Superbe!
Dans un petit village d'Andalousie, un petit garçon est le témoin impuissant de la "nouvelle paix" qui suit la victoire franquiste. Alternant avec les souvenirs d'une autre vie, où il était "l'enfant du maire" rouge, c'est le présent, où il n'est plus que "
l'enfant pain", affamé, obsédé par l'odeur des miches que sa mère doit faire cuire pour les autres. Lui, fils de républicain vaincu, n'a même pas droit, comme les autres enfants,à la distribution quotidienne du "pain de l'indigence".
Il vit, sans toujours comprendre, les rapports à jamais altérés dans le village, les réglements de compte entre voisins, les délations, l'humiliation des siens, la haine, l'absence de ses frères,incarcérés dans les prisons franquistes, leur retour et la nécessité de les cacher.
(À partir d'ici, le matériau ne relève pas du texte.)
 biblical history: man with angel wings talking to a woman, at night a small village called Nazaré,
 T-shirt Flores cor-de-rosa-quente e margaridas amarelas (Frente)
On assiste à des scènes durement réalistes: le suicide par noyade d'un "rouge",aprés une accusation infamante, la cueillette de l'alfa qui entaille les mains, la chiffonnière tondue pour avoir injurié les autorités.
Pourtant, de lumineuses images de naguère trouent ce sombre présent: la fête du village, la réfection du toit de la cuisine et le gueuleton qui suit.
de l'humour, aussi: le village, ses superstitions, ses pittoresques habitants: Josefita la Blonde,accueillante aux mâles, et son père, le "Couché", Felisa" la Pleureuse " et ses enfants "les tous pareils", Carmen Moriane, "la Sainte Pisseuse d'eau bénite", l'oncle Visionnaire.
Mais ce qui l'emporte, c'est la poèsie, l'émotion pudique, la tendresse retenue de
Gomez Arcos qui a su enfin faire parler l'enfant sans nom et sans voix qu'il a été.